Además, no se puede soslayar el hecho de que el poder del Estado para gestionar el aislamiento y establecer castigos es limitado y yace en un pacto delicado y tácito con la sociedad. Como ya se ha señalado en otros artículos, la pandemia por coronavirus generó un escenario inédito que demandó medidas urgentes y sensibles. La sociedad accedió a ceder al Estado (temporalmente y dentro de ciertos límites) derechos y libertades constitucionales, para que éste los administre según lo demandaran las acciones de lucha contra la enfermedad. Lo que no significa que lo transforme en un Gobierno plenipotenciario que pueda disponer restricciones y castigos a mansalva. Por el contrario, demanda de los gobernantes altísimas cuotas de sensibilidad y responsabilidad. Y la perspicacia para entender que la suspensión de esos derechos debe ser, en severidad y extensión, lo más leve posible. A siete meses de iniciada el aislamiento, (aunque en Catamarca se haya logrado mantener una vida relativamente normal) las restricciones y castigos ya son una estrategia agotada.

Sobre todo, teniendo en cuenta que cualquier “régimen sancionatorio excepcional” (con sus reglas y castigos) roza un gris o limbo jurídico que le da incertidumbre a su legalidad, y por tanto a la posibilidad del Estado de sostenerlos ante posibles litigios. Castigar “delitos” no tipificados en ningún código o ley aprobado en los ámbitos y con los procesos republicanos es una acción, por lo menos, muy endeble a un cuestionamiento judicial. Si ante la aplicación de castigos relativamente leves, como las multas económicas, ya hay abogados ofreciendo sus servicios para litigar en contra, no hay que tener mucha imaginación para anticiparse a lo que podría suceder si los castigos llegaran a la gravedad de cesantías o suspensiones laborales.

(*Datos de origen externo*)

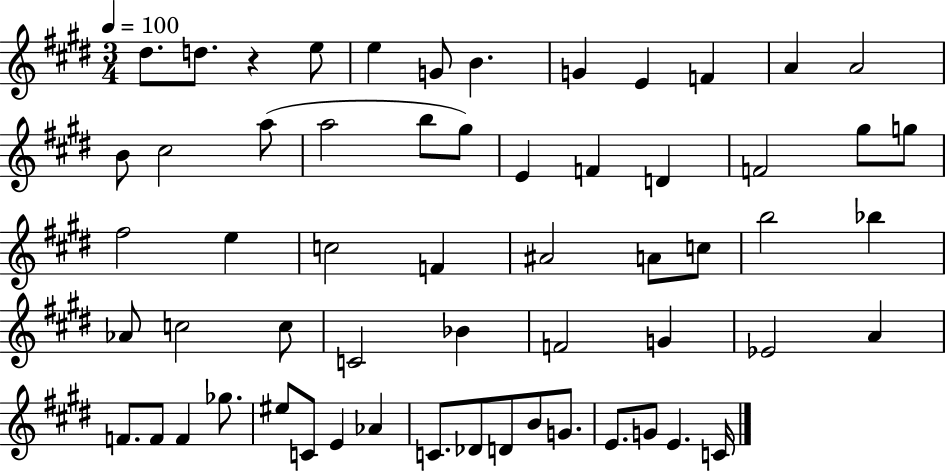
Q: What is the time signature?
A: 3/4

Despedir o suspender a un empleado público por no cumplir las medidas de aislamiento, sería quitar un derecho constitucional (el de trabajar) por no cumplir la restricción de otro derecho constitucional (el de circular o el de reunión) aplicando un marco sancionatorio semilegal “excepcional”. Un combo peligroso, que de aplicarse, probablemente dispararía una lluvia de demandas difíciles de contener y, sobre todo, con muchas posibilidades de perderse.

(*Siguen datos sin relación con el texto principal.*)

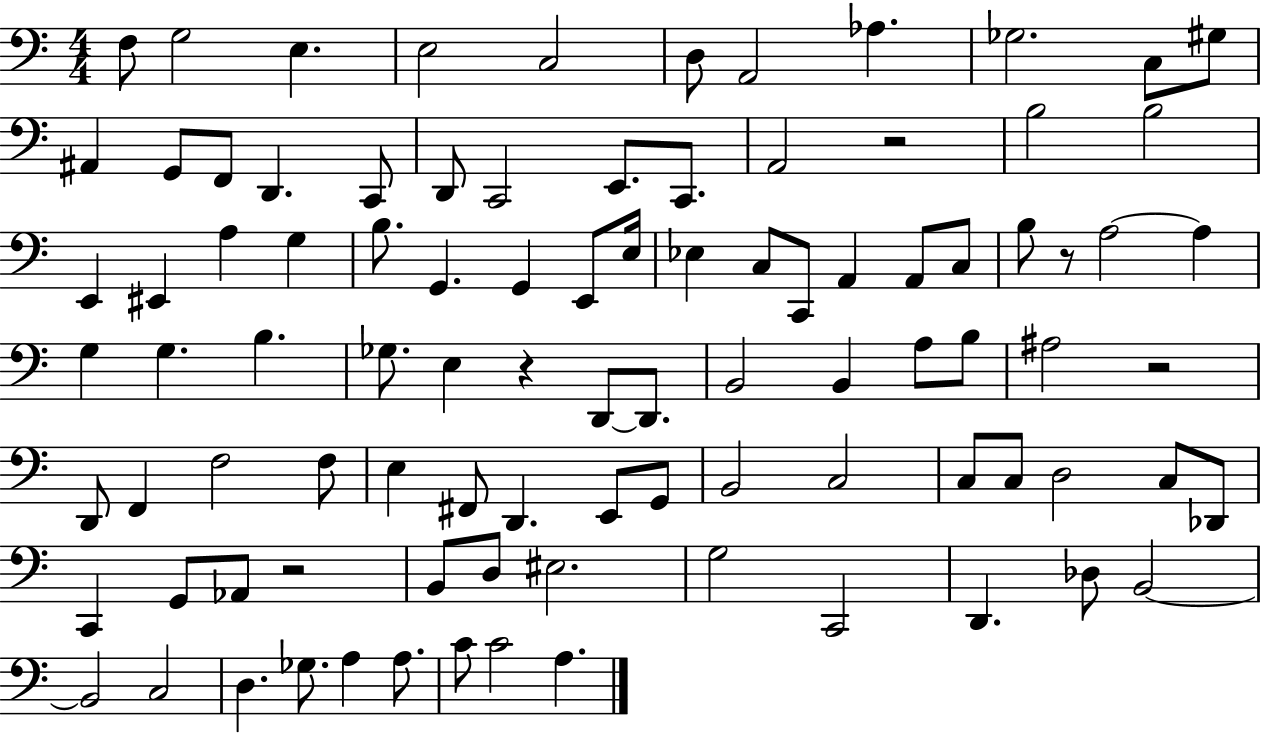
X:1
T:Untitled
M:4/4
L:1/4
K:C
F,/2 G,2 E, E,2 C,2 D,/2 A,,2 _A, _G,2 C,/2 ^G,/2 ^A,, G,,/2 F,,/2 D,, C,,/2 D,,/2 C,,2 E,,/2 C,,/2 A,,2 z2 B,2 B,2 E,, ^E,, A, G, B,/2 G,, G,, E,,/2 E,/4 _E, C,/2 C,,/2 A,, A,,/2 C,/2 B,/2 z/2 A,2 A, G, G, B, _G,/2 E, z D,,/2 D,,/2 B,,2 B,, A,/2 B,/2 ^A,2 z2 D,,/2 F,, F,2 F,/2 E, ^F,,/2 D,, E,,/2 G,,/2 B,,2 C,2 C,/2 C,/2 D,2 C,/2 _D,,/2 C,, G,,/2 _A,,/2 z2 B,,/2 D,/2 ^E,2 G,2 C,,2 D,, _D,/2 B,,2 B,,2 C,2 D, _G,/2 A, A,/2 C/2 C2 A,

Finalmente, desde el punto de vista de las instituciones, los procedimientos constitucionales y los sistemas republicanos, perpetuar en el tiempo las restricciones y avanzar en castigos más severos genera un peligroso escenario (y antecedente) de gobierno “por decreto” y avasallamiento de la división de poderes. Que hasta ahora se aceptó como necesario por lo complejo del escenario pandémico, pero que debe cesar cuanto antes.

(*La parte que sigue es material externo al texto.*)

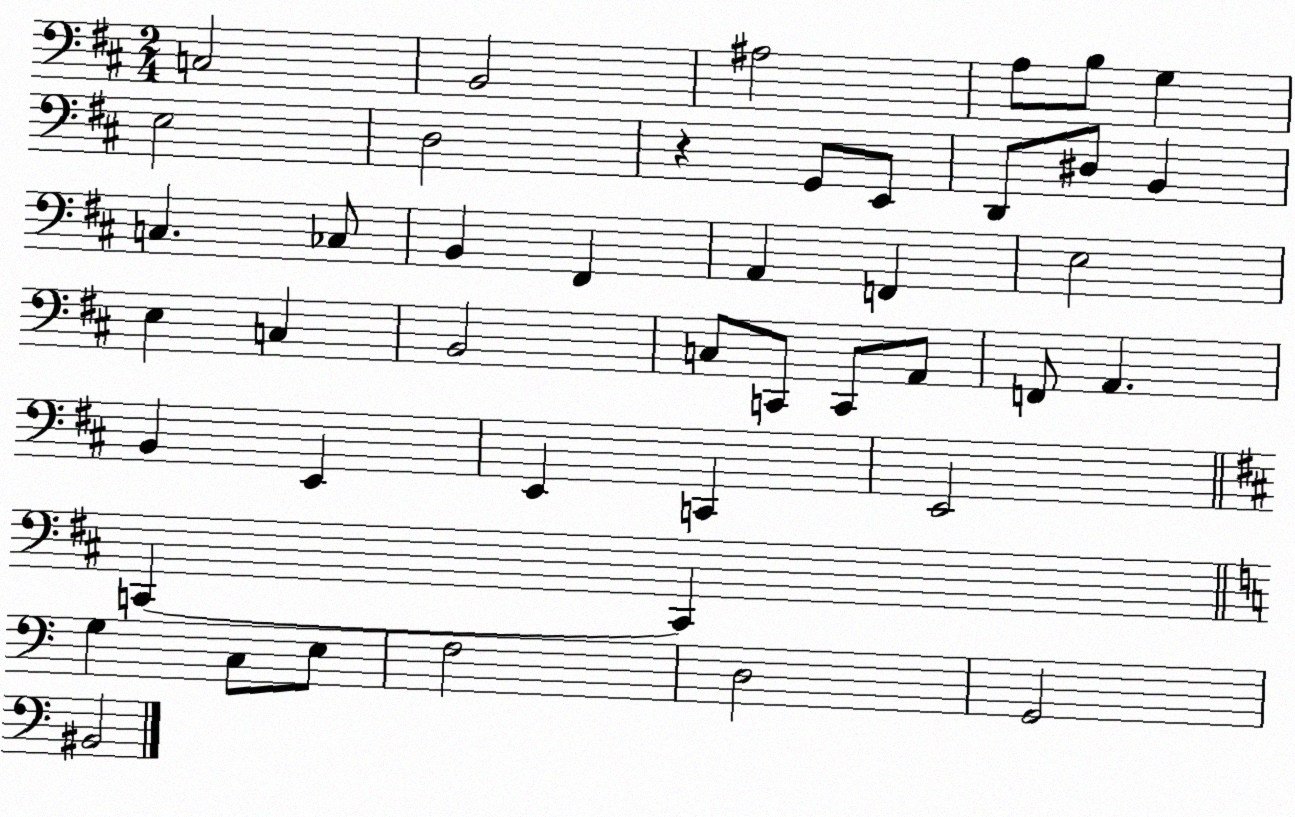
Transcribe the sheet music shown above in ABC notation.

No está detrás de esta reflexión la idea de negar la gravedad de la pandemia ni discutir la necesidad de tomar medidas preventivas. Tampoco se trata de instigar a la desobediencia civil solo. Todo lo contrario, partiendo del reconocimiento de la seriedad del escenario y ante la incertidumbre de cuánto tiempo más se prolongará, intenta demostrar el error de insistir con un mecanismo ineficiente y de doble filo como el del miedo y el castigo. Proponiendo avanzar en buscar un sistema de gestión de la pandemia que no desautorice al Gobierno, que no ponga en peligro el sistema constitucional y republicano, y sobre todo que sea eficaz en proteger la salud pública. 

Tras siete meses de cuarentena, tal vez sea momento de un sinceramiento, dejando claro que el Estado no puede ser eterno niñero de la sociedad y que cada ciudadano deberá asumir su conducta con responsabilidad y aceptar los riesgos y consecuencias como pago suficiente por el incumplientos a las recomendaciones de prevención.